E’ successo anche a Veneto Banca, di cui lei è stata per pochi mesi consigliere.
“Chiederle di quotarsi fu un errore decisivo. Non ho mai visto una storia di turnaround passare per la Borsa”.
La soluzione qual era?
“Un partner bancario che mi pareva potesse emergere, o un investitore specializzato con grande esperienza”.
Invece è arrivato Atlante, che non ne aveva.

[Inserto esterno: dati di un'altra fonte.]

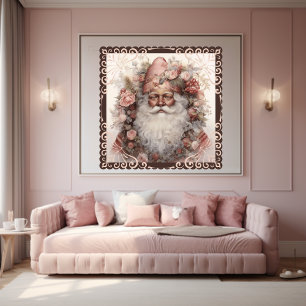 Floral Black Santa: Delicate Holiday Charm Poster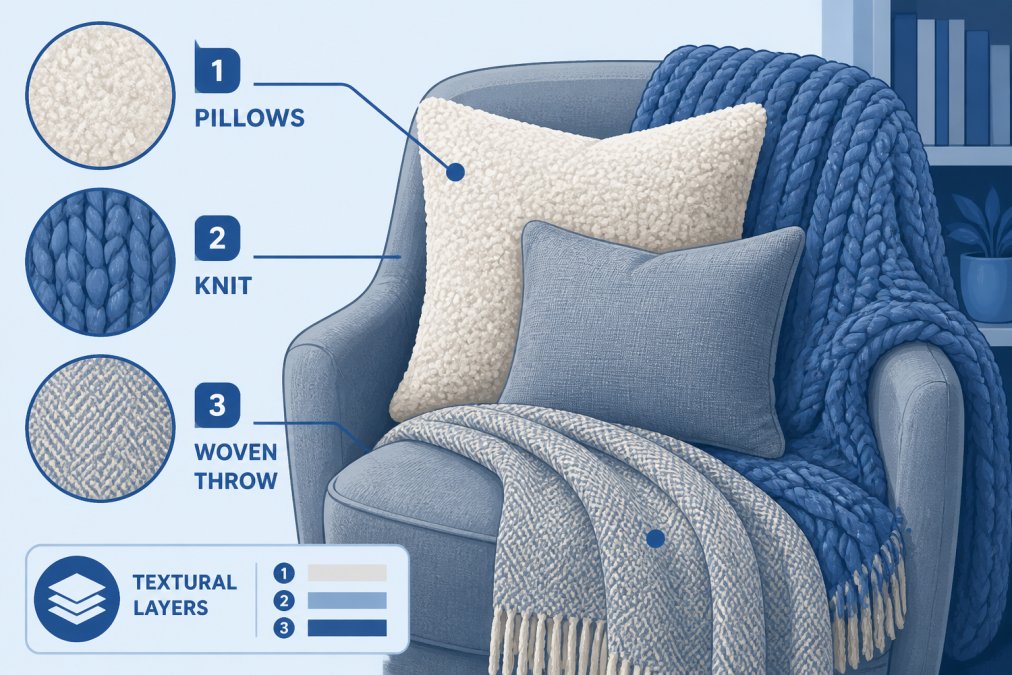 Close-up detail of a cozy reading nook corner showing layered textures: plush throw pillows in cream and soft gray, a chunky knit blanket draped over a chair back, and a soft woven throw with natural fiber texture creating textural depth and warmth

“Era meglio aiutare il partner industriale e noi ad alleggerirci delle sofferenze”.
Adesso, come Intesa?
“La vicenda è al capolinea.”
Che altro non va nella vigilanza Ue?
“La direttiva non permette riservatezza e tempestività. Il rodaggio di istituzioni nuove sul sistema più delicato che c’è, quello finanziario, sta mettendo sotto stress un mondo dove da sempre le questioni si risolvono a porte chiuse e nei weekend. In tutto il mondo le banche si salvano grazie ai governi o a un partner”.
Al governo cosa chiede?
“Di ragionare sul futuro del sistema, e sugli strumenti per accompagnarlo. Ammortizzatori sociali per gli esuberi, meccanismi fiscali e giustizia più rapida, per smaltire le sofferenze. Risparmiatori e contributori hanno dato, adesso gli altri facciano la loro parte”.